An examination and X-ray confirmed what they feared most, cancer.
“There was a massive tumor in the bone of her upper right leg, causing reactive inflammation that swelled her leg to the size of a volleyball and made her almost immobile with pain,” wrote the shelter.
The only option to save her life was to amputate the leg.
The community also fell in love with her and generously donated towards her care. The 10-pound mass and her right leg were amputated by the expert medical team at Blue Pearl.
During her recovery, she touched the heart of one of the veterinary technicians who cared for her. The shelter recently shared the wonderful news that Libby found her forever home.
“After witnessing Libby’s loving spirit firsthand, what happened next came as no surprise. A veterinary technician immediately fell in love and decided to adopt sweet Libby—even after learning of her diagnosis of aggressive bone cancer and that her time left on earth may be limited.”

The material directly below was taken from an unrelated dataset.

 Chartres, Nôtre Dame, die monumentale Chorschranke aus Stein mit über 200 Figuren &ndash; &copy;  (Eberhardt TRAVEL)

Libby will live the rest of her days surrounded by people who love her, and that is all any dog wants. She has been renamed Wiggles because she is such a happy dog who enjoys playing with her canine and human siblings. She also enjoys naps on the couch wrapped in warm blankets.
“There’s something in her eyes that begs for love and safety,” her new mom told the shelter. “I couldn’t turn away from that.”
More pets in need of medical care continue to arrive. “As Washington State’s largest-intake animal shelter, we see some of the worst cases of abuse and neglect. And this summer has been especially challenging. Each day, more pets arrive than the last, filling our kennels and stretching our resources to the limit.”